Q: Is Koala open source? Do Koalas works with scikit-learn?
Yes, Koalas is open-source software. Koalas definitely works with scikit-learn. If you go through the notebook in the blog here, you can effectively convert any of those data structures and can feed it directly into scikit-learn. The only difference is you may have to convert the structure directly before you put it into a machine learning model .ie you may have to convert to pandas in the final step. But it should work otherwise. The two numpy data structures act as the bridge.
Q: As a team how can we do code review or version control, if we work on Databricks?
The blog article actually points out the mechanism to do that. If you want to leverage Databricks for the performance aspect, compute aspect, MLFlow and all of that. We released something called Databricks Connect. It allows you to work on your local IDE. If you do that, you can always check in your code to version control using your standard tools and then deploy using Jenkins as you usually do. The second option is Databricks notebooks themselves integrate with Git, so you can directly save the work, as you are going along, in a notebook as well.

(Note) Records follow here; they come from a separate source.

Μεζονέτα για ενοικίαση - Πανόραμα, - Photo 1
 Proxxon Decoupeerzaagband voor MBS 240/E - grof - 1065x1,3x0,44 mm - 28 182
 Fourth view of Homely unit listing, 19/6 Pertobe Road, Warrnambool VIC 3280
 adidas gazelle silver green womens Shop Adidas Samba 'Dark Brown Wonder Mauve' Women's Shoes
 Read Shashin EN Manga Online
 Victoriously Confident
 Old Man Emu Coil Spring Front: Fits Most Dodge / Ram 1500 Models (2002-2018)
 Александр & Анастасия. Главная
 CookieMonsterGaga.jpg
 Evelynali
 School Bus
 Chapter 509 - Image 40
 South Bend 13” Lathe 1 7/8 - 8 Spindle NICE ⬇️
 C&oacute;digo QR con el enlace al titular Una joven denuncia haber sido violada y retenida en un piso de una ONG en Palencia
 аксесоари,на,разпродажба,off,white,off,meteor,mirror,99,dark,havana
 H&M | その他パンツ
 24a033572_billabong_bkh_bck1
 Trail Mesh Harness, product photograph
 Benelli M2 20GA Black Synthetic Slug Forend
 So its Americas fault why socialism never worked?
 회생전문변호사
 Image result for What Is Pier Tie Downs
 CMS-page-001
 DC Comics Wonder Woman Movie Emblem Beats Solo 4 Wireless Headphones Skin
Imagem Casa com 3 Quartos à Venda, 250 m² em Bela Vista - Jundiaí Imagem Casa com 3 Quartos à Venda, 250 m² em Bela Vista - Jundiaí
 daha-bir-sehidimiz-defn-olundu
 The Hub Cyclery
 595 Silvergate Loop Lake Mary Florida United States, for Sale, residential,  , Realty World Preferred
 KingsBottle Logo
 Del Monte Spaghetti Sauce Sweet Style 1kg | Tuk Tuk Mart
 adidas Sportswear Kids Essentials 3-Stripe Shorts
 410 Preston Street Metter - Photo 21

Q: Any resources, demo, tutorial to handle geospatially oriented time series data? For example, something that could look at the past 5 years of real estate data and combine that with traffic data to show how housing density affects traffic patterns.
A: The techniques that were highlighted here were multi-purpose. For the AS-OF join, you can certainly use the data sets you are describing. It is a matter of just aligning the right time stamps and then choosing a partitioning column. We will consider having subsequent blogs on geospatial in particular, that will likely go deeper into the techniques or libraries that can be used to effectively join geospatial data. But right now AS-OF join should work for any data set you want to use, as long as you are just trying to merge them to get contextual AS-OF data.